Handmaid of the Lord
Mary is the focus of today's liturgy. And that is quite in order. As we are immersed in awe and overpowered with joy before the great event of Jesus' birth on Christmas Day, we are liable to forget his mother and concentrate all our attention on the...
Mary is the focus of today's liturgy. And that is quite in order. As we are immersed in awe and overpowered with joy before the great event of Jesus' birth on Christmas Day, we are liable to forget his mother and concentrate all our attention on the son who has been born to her.
This is particularly true today, in contrast with the old liturgy which, especially in eastern Christianity, clebrated the mystery of the Incarnation on March 25 with much greater solemnity than the birth of Jesus on Christmas Day.
And today's Gospel is in fact the commemoration and a most simple description of the Incarnation, of God becoming man for our salvation. Martin Luther himself was quite right when he wrote: "The day when the angel came to Mary and brought her the message from God may be fittingly called the feast of Christ's humanity, for it was then that began our deliverance."
God, of course, in His infinite power and wisdom, could have done without Mary to bring about our salvation. But He wanted His Son to become a human being without losing His divinity: made of flesh and blood and born of a woman. He wanted to be entirely like us, except for sin, so that we may be enabled to become like Him.
Through Mary, if we may say so, we human beings have somehow made our contribution to the mystery of our own salvation. And this attitude of ours should be manifested throughout our whole lives for, as St Augustine put it: "He who created you without you, will not save you without you."

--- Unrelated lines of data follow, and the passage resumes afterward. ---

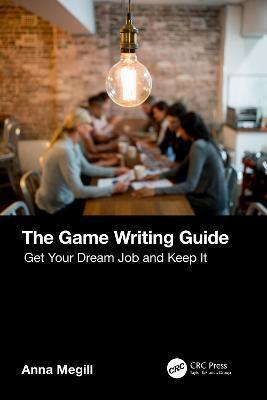 The Game Writing Guide: Get Your Dream Job and Keep It - Anna Megill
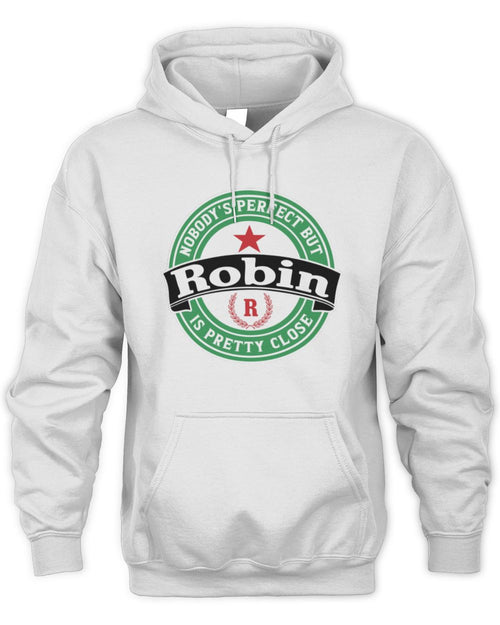 Nobody's Perfect But Your Name Is Pretty Close Heineken Beer T-Shirt ROBIN M1-S85 / Unisex Hoodie / white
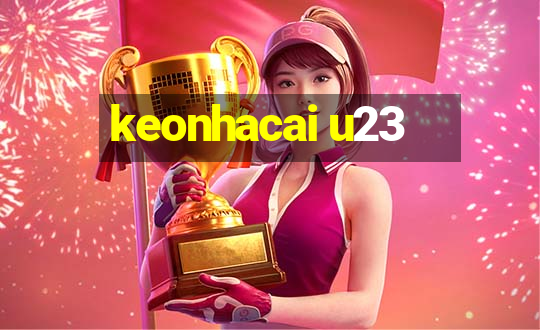 keonhacai u23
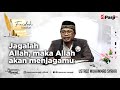 faidah singkat jagalah allah maka allah akan menjagamu ustadz muhammad syahri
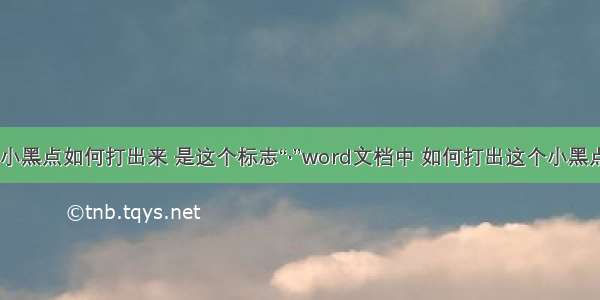 word小黑点如何打出来 是这个标志“·”word文档中 如何打出这个小黑点啊“·”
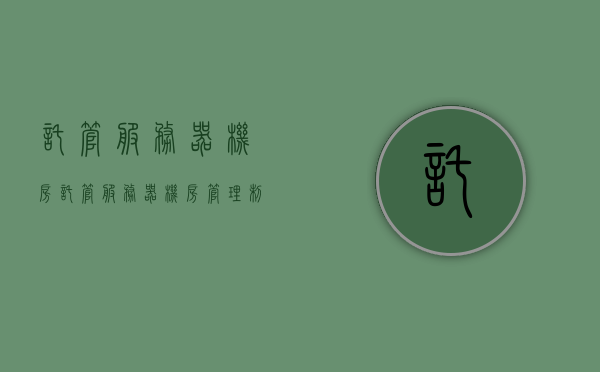 托管服务器机房（托管服务器机房管理制度），托管服务器机房管理制度详解，确保高效、安全的数据托管环境，托管服务器机房管理制度详解，构建高效安全的数据托管环境，托管服务器机房管理制度详解，打造高效安全的数据托管环境之基石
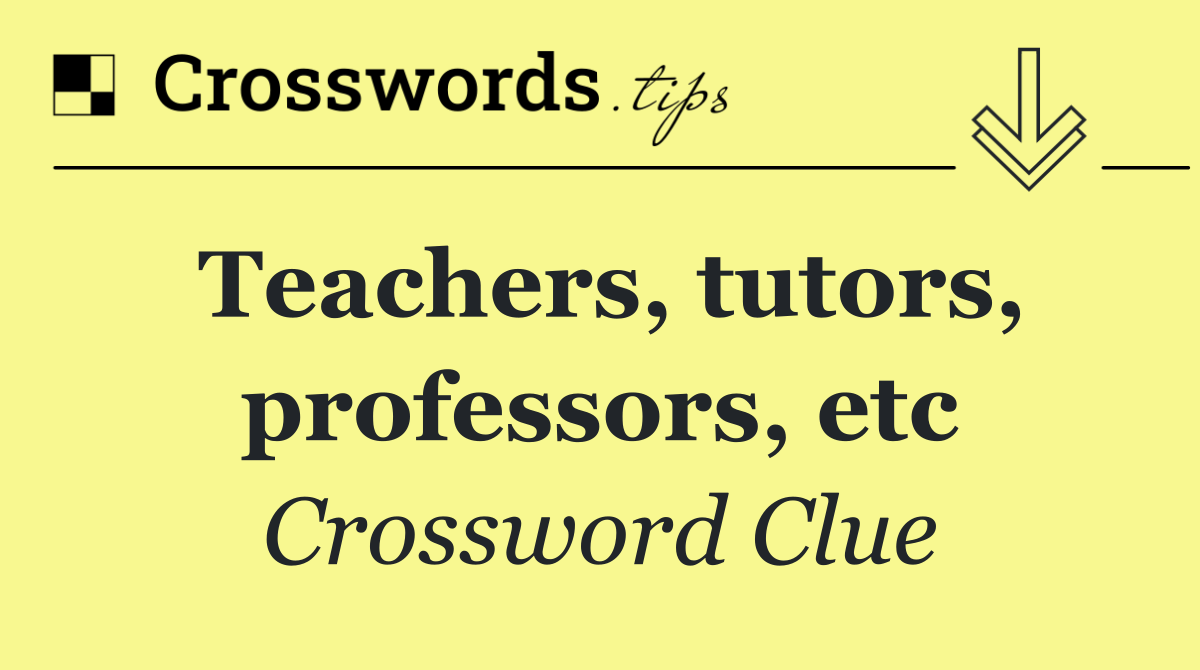 Teachers, tutors, professors, etc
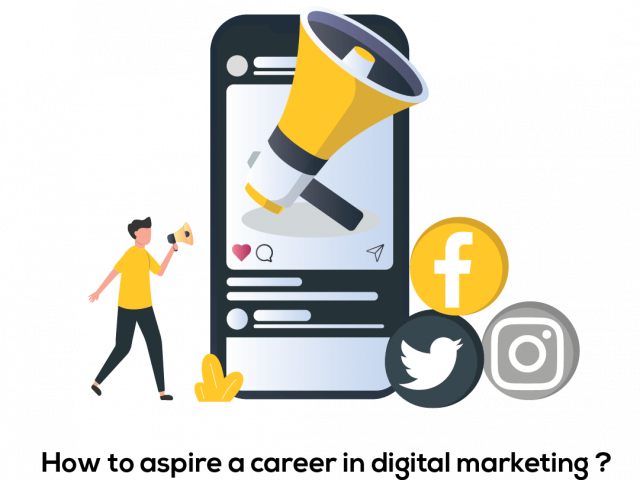 How to Aspire a career in Digital Marketing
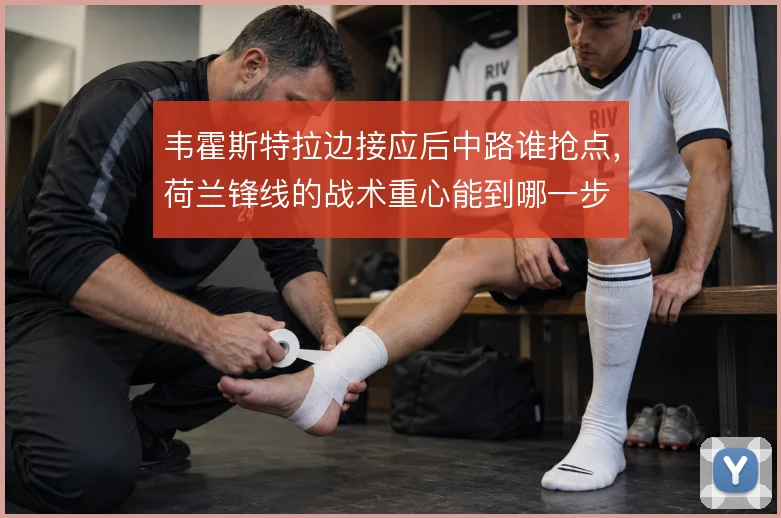 韦霍斯特拉边接应后中路谁抢点,荷兰锋线的战术重心能到哪一步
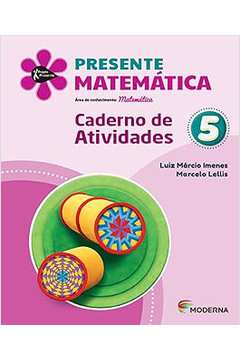 Presente Matemática 5 - Caderno de Atividades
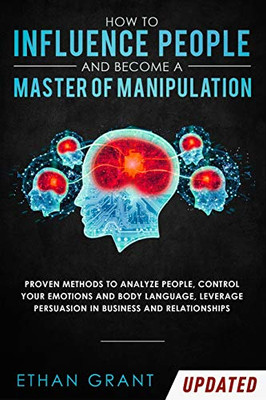 How To Influence People And Become A Master Of Manipulation : Proven Methods to Analyze People, Control Your Emotions and Body Language, Leverage Persuasion in Business and Relationships - 9781952083808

"Behold the servant of the Lord; be it done to me according to your word!" The request made to Mary by God through an angel, so impossible as it must have seemed to her, was soon taken quite seriously by her. She only wished to know in what way it could have been realised, as she was still a virgin and not yet married. All Mary needed was the assurance by the angel that God, being all-powerful, could nonethless make it possible somehow. Hence Mary's prompt submission to God's plan: "I am only the handmaid of the Lord: be it done to me as you say."
To help us reflect on the great mystery of the Incarnation, I find no more suitable words than those written by John Henry Newman. "Mary is the pattern of our faith. She does not think it enough to accept, she dwells upon it; not enough to possess, she uses it; not enough to assent, she develops it; not enough to submit to the Reason, but she reasons upon it; not indeeed reasoning first, and believing afterwards, yet first believing without reasoning, and then reasoning after believing."

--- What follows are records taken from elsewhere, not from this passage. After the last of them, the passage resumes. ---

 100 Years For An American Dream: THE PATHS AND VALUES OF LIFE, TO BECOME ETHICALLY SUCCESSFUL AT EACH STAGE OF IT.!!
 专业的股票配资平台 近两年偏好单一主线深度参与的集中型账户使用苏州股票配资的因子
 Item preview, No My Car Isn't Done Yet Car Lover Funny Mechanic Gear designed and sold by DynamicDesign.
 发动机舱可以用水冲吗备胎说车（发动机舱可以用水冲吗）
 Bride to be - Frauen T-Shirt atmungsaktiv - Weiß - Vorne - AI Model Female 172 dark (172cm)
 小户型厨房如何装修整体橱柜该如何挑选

We have no idea what God would accomplish through us, no matter who and what we are if, like Mary, we make ourselves at all times available to Him. We are all God's children. Whatever our status in the Church or in society may be, we are all invited to share in Christ's redemtive mission.
Through Mary, the Virgin Mother of God, God's Good News that we are all his children and are called to salvation has reached us, and it is now our turn not only to go on living it with joy, but also to proclaim it with courage to the world around us: to our families and friends, in our place of work and in social life.
The mystery of the Incarnation has been announced to each one of us as well, and it is now our turn to proclaim it to others.